- _Task instructions_
Restate each entry exactly, without pictures.

- _Material for this exercise_
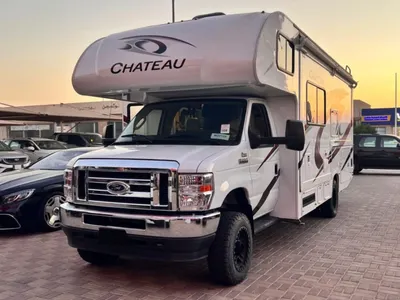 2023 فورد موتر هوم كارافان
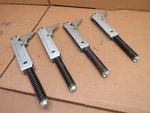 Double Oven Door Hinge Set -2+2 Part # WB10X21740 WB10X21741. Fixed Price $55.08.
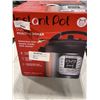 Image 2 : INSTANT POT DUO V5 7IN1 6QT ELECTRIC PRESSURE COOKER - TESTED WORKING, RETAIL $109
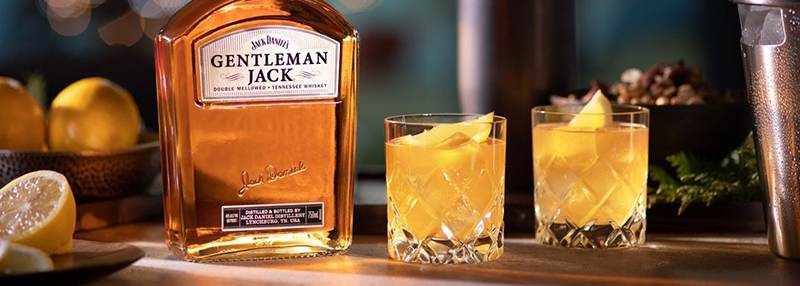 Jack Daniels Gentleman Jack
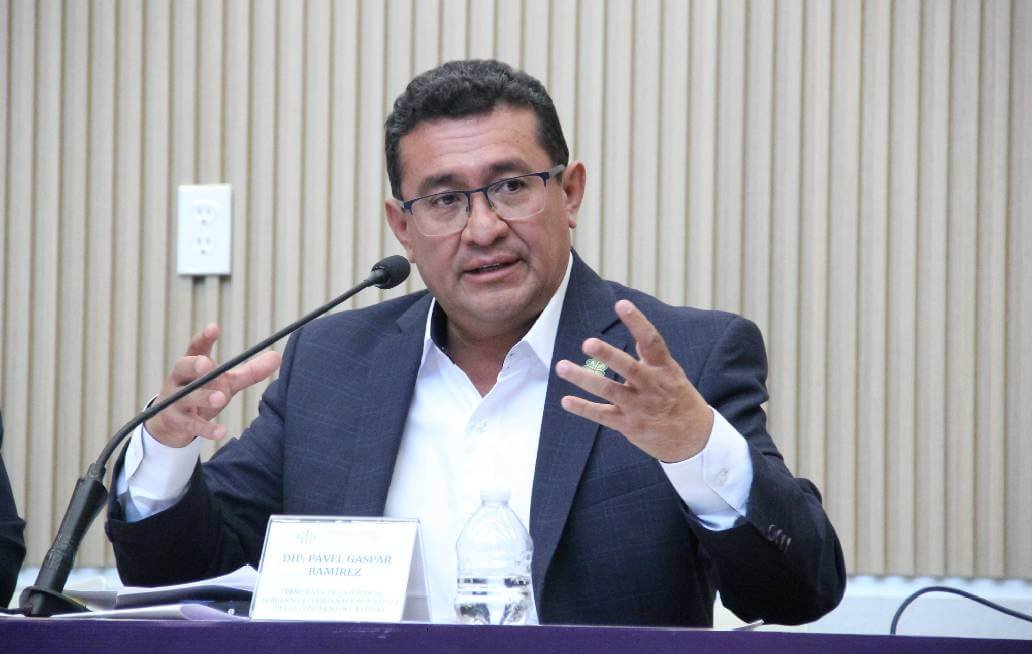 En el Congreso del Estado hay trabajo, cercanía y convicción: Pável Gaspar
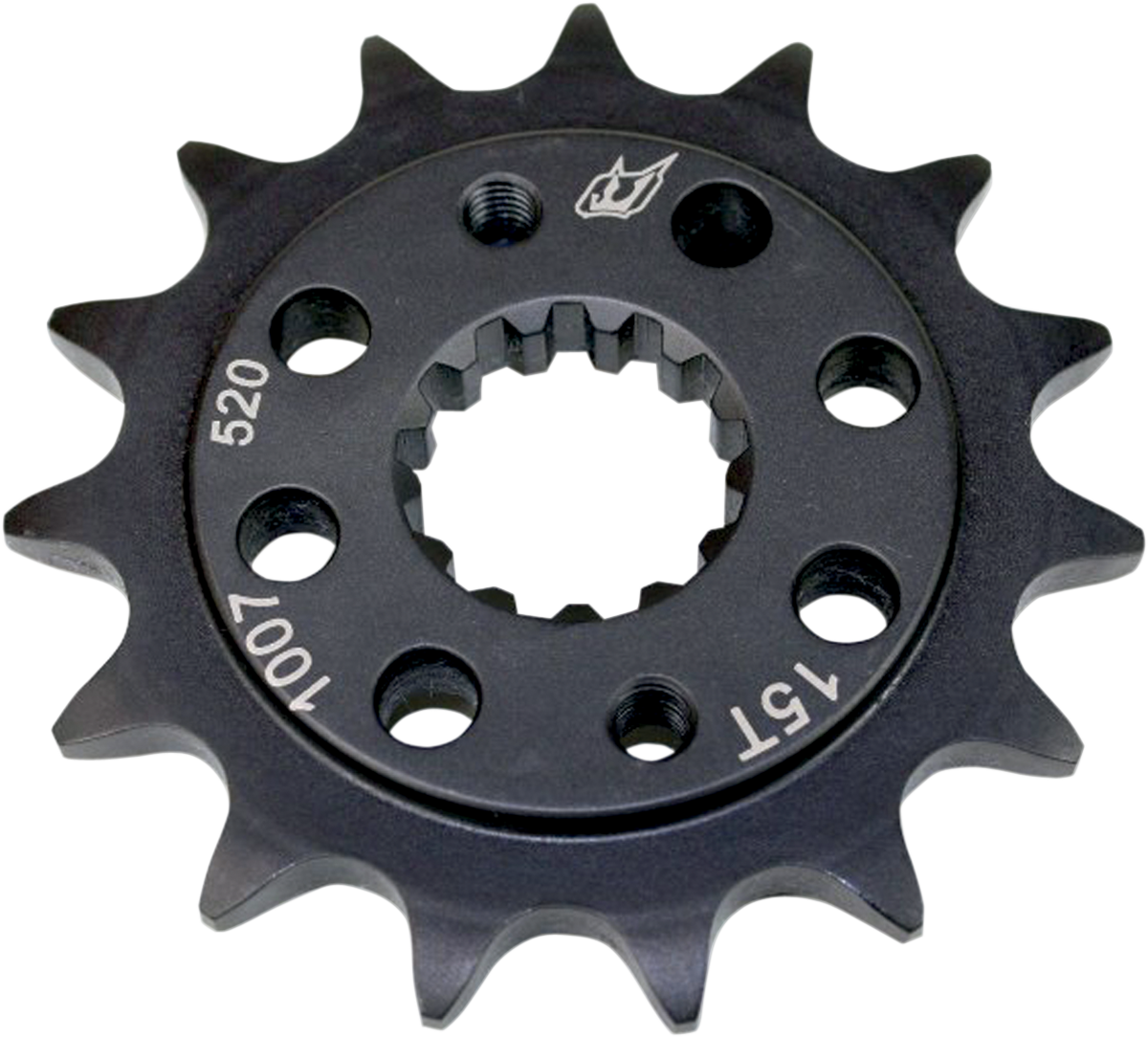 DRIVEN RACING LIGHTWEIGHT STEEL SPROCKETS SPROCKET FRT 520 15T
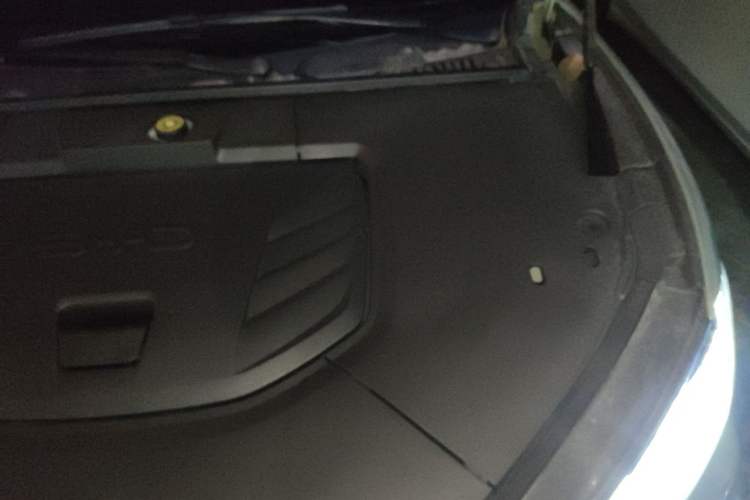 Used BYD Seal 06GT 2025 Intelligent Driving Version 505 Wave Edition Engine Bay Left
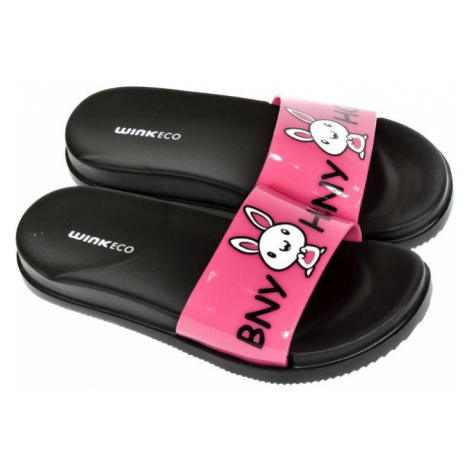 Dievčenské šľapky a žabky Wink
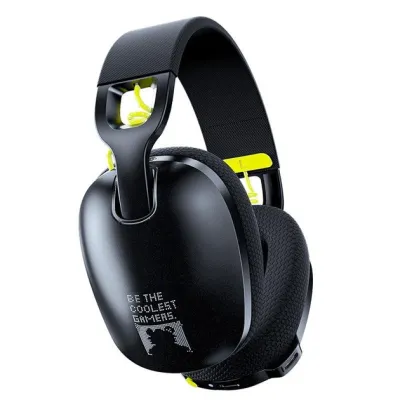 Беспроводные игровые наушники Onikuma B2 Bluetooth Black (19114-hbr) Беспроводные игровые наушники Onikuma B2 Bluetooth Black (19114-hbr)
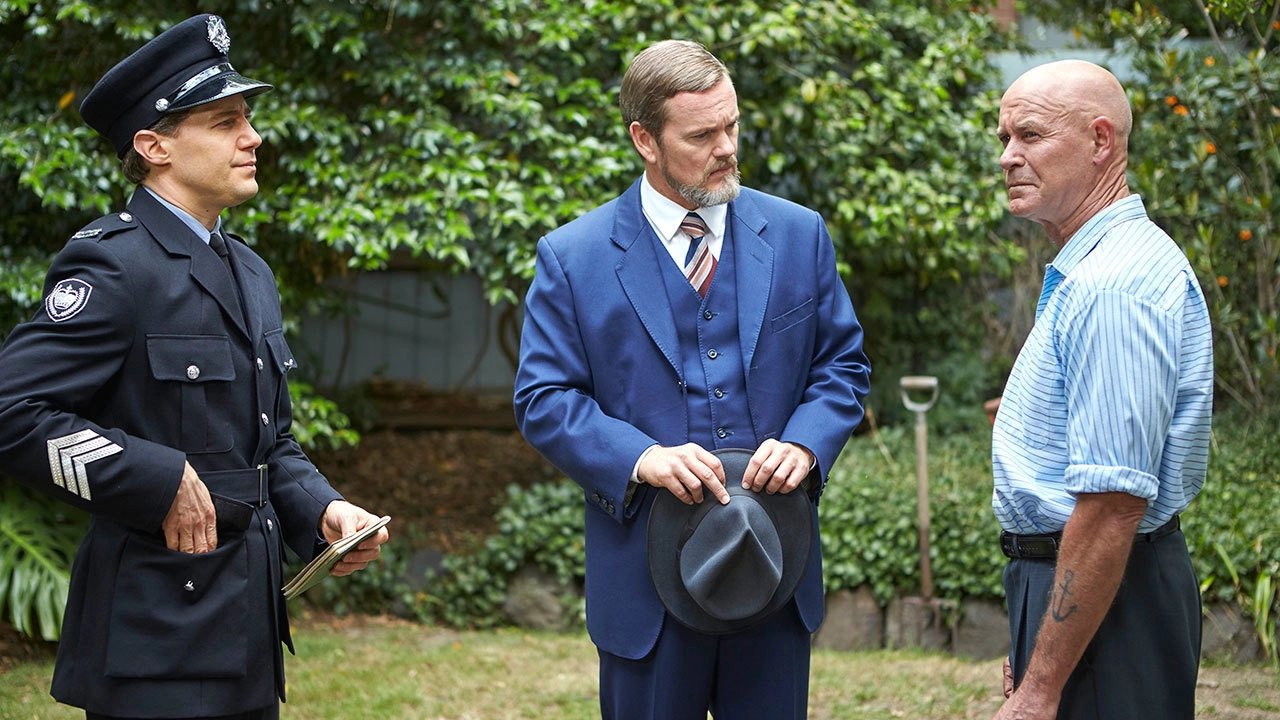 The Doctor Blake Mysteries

- _Reply to the exercise_
 2023 فورد موتر هوم كارافان
 Double Oven Door Hinge Set -2+2 Part # WB10X21740 WB10X21741. Fixed Price $55.08.
 Image 2 : INSTANT POT DUO V5 7IN1 6QT ELECTRIC PRESSURE COOKER - TESTED WORKING, RETAIL $109
 Jack Daniels Gentleman Jack
 En el Congreso del Estado hay trabajo, cercanía y convicción: Pável Gaspar
 DRIVEN RACING LIGHTWEIGHT STEEL SPROCKETS SPROCKET FRT 520 15T
 Used BYD Seal 06GT 2025 Intelligent Driving Version 505 Wave Edition Engine Bay Left
 Dievčenské šľapky a žabky Wink
 Беспроводные игровые наушники Onikuma B2 Bluetooth Black (19114-hbr) Беспроводные игровые наушники Onikuma B2 Bluetooth Black (19114-hbr)
 The Doctor Blake Mysteries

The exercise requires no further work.